That having been said, sometimes old wives are right. This short story is illustrative:

 
I've vomited a couple of times because of swimming immediately after eating lunch.

(And yes, it's really disgusting if you vomit in a pool, it's bad enough in the ocean or a river.)

I've never had cramps from swimming, and I used to swim a lot.
 
It is a myth. Ref:
The article actually confirms a lot of the stuff, such as higher risk of vomiting and cramps if you swim after eating. Maybe chalk this up to "no you won't guaranteed die when hitting the water with a full belly, but it will likely be unpleasant"?
 
The article actually confirms a lot of the stuff, such as higher risk of vomiting and cramps if you swim after eating.

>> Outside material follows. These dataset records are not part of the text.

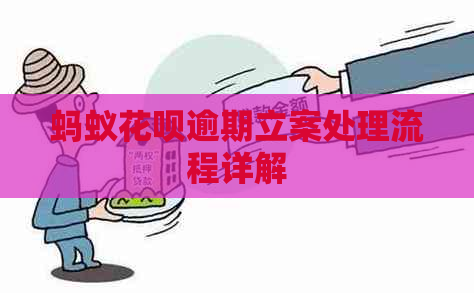 蚂蚁白条逾期立案处理流程详解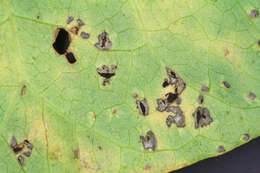 Image de Puccinia convolvuli (Pers.) Castagne 1842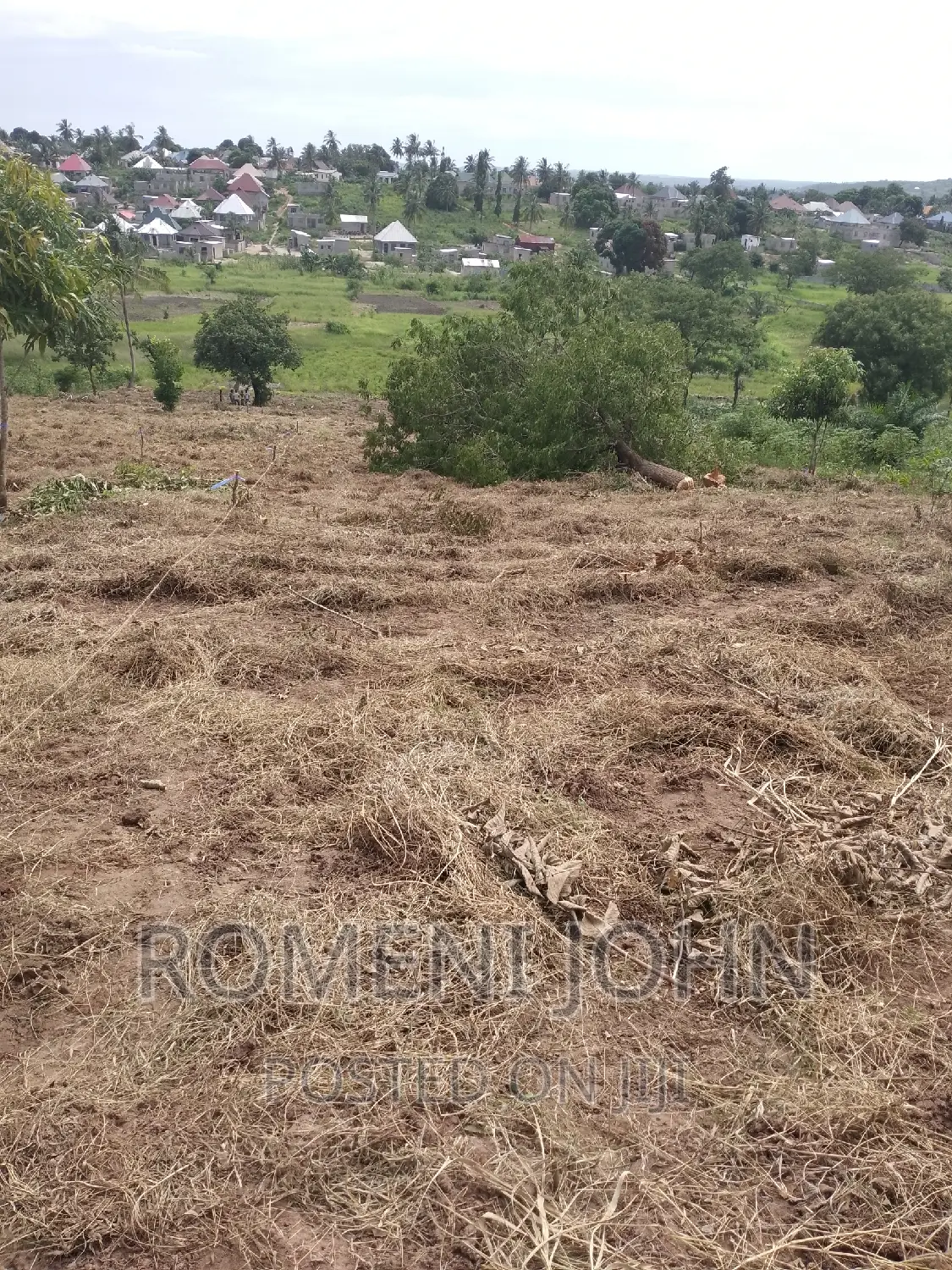 Kiwanja Sqmita 200 Kinauzwa Ml 2.8 Chanika Buyuni. in Ilala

Maybe chalk this up to "no you won't guaranteed die when hitting the water with a full belly, but it will likely be unpleasant"?
IF that happens you can get out of the water and rest. No danger of death. As long as lunch did not include drugs.
 
IF that happens you can get out of the water and rest. No danger of death. As long as lunch did not include drugs.
Sure. If you're in a swimming pool. 50 yards out in open ocean and you've still got a lot of doubled up cramping and/or vomiting between you and terra firma.

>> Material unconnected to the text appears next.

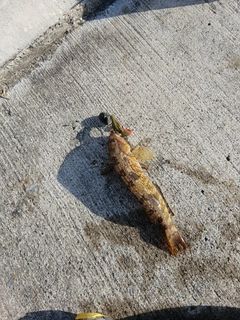 アイナメの釣果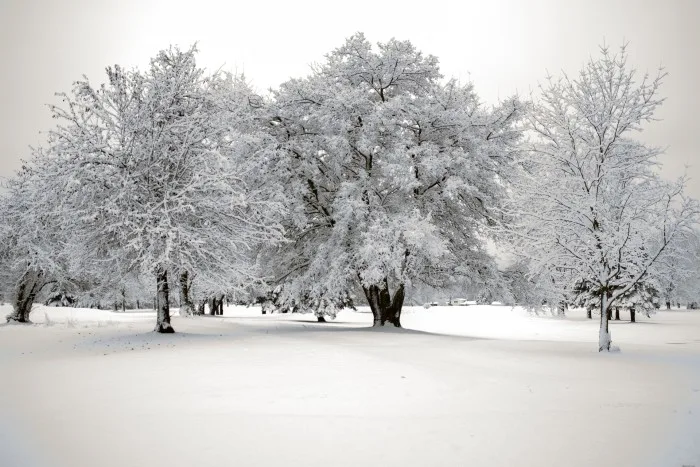 Le Québec aura-t-il droit à une tempête généralisée en décembre ?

It seems that the blood diversion angle is perhaps overblown, but the potential negative affects are very real. While it never happened to me, I'm quite familiar with cramps and vomiting when strenuously exercising right after eating. I guess I wouldn't have thought of swimming as any exception to that general rule.
 
Here’s a list of “urban legends, nee “old wives tales” that were common discussion point raised by newbies at alt.folklore.urban back in the ‘90s on usenet.
Most had been discussed to death and in the FAQ, this is marked F for false.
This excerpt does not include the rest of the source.